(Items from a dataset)
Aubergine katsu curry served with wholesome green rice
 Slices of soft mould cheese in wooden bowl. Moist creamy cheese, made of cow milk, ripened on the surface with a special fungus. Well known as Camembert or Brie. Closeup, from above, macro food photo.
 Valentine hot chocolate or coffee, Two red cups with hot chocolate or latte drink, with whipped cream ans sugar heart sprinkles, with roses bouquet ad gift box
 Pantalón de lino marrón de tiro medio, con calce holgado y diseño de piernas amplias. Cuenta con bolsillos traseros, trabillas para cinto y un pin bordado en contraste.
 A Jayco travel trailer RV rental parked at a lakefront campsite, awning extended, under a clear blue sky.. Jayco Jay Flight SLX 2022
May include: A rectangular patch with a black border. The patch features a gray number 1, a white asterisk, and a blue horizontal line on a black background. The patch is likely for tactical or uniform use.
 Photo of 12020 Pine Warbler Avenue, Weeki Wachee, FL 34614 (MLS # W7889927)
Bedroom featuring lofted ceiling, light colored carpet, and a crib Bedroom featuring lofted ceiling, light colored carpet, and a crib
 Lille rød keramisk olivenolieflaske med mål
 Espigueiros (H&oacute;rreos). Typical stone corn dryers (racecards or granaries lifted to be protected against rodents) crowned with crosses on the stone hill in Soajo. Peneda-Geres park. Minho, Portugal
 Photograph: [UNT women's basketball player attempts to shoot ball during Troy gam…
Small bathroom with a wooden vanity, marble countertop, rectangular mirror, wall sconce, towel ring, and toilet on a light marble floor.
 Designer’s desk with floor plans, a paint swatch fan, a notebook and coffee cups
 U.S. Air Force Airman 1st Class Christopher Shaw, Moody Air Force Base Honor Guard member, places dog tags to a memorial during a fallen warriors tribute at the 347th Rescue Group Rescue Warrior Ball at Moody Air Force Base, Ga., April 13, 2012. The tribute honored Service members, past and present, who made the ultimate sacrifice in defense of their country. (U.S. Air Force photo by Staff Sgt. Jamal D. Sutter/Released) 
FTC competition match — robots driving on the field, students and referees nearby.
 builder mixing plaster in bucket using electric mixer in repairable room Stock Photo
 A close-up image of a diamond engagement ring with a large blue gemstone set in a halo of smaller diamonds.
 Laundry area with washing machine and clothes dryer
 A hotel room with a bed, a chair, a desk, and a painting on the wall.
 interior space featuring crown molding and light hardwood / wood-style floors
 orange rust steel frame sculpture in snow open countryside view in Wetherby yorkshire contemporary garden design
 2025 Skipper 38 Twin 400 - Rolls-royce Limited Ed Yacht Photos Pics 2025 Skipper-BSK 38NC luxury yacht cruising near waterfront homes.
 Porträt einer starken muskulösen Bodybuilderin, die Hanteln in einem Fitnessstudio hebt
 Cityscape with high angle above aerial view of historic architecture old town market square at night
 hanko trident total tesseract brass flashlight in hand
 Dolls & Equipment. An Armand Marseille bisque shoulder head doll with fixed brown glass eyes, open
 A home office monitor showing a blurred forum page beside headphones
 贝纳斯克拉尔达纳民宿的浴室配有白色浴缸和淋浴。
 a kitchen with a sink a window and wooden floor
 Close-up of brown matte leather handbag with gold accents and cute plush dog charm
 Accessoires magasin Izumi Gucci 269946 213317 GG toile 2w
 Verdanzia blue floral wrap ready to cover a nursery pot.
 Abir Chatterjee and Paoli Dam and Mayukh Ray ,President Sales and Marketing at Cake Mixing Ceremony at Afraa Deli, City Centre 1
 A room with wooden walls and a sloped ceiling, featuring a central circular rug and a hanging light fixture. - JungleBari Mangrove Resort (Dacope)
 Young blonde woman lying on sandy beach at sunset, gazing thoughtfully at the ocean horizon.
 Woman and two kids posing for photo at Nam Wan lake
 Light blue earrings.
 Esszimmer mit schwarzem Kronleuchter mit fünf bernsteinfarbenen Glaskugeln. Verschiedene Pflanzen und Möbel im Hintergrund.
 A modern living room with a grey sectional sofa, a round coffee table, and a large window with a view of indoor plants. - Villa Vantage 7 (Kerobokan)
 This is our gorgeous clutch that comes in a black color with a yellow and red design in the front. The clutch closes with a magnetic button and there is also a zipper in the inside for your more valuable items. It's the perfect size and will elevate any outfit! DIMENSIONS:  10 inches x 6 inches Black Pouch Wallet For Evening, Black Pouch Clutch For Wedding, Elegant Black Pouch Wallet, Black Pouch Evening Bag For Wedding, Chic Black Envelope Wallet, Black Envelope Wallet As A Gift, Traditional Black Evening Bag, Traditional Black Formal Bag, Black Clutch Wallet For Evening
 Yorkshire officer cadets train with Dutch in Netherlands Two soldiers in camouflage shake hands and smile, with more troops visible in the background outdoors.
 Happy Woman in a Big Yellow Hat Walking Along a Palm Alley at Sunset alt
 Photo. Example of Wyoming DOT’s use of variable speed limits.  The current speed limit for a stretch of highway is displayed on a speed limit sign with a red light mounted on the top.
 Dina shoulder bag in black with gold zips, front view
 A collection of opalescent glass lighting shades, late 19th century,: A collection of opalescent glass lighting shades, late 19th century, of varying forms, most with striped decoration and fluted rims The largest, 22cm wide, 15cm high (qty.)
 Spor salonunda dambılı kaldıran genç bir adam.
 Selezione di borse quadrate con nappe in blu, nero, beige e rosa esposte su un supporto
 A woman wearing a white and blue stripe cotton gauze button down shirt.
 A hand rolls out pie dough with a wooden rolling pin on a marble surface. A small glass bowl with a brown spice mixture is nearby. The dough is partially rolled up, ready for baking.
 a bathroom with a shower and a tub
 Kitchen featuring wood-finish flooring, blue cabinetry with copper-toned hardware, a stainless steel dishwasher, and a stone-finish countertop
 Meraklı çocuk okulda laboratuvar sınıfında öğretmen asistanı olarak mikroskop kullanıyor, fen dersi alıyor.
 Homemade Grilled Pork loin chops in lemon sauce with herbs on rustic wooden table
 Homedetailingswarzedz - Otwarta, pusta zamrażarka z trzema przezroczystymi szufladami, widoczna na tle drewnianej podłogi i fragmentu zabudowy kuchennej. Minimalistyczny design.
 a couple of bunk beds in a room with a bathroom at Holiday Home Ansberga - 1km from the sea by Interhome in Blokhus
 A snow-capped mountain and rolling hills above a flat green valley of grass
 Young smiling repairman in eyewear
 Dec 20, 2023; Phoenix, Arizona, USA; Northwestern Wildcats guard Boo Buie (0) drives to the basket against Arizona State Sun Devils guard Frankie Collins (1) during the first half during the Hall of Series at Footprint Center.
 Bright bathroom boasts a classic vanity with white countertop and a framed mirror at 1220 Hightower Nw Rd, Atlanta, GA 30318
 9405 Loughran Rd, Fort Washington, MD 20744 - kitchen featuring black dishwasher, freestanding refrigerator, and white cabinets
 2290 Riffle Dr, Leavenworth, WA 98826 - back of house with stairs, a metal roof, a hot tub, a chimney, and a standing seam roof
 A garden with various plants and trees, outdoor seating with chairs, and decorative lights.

**What is expected:**
Starting with the line that holds "A woman wearing" and ending with the line that holds "Kitchen featuring wood-finish", retype every line in the data above exactly, and nothing else.

**Answer section:**
 A woman wearing a white and blue stripe cotton gauze button down shirt.
 A hand rolls out pie dough with a wooden rolling pin on a marble surface. A small glass bowl with a brown spice mixture is nearby. The dough is partially rolled up, ready for baking.
 a bathroom with a shower and a tub
 Kitchen featuring wood-finish flooring, blue cabinetry with copper-toned hardware, a stainless steel dishwasher, and a stone-finish countertop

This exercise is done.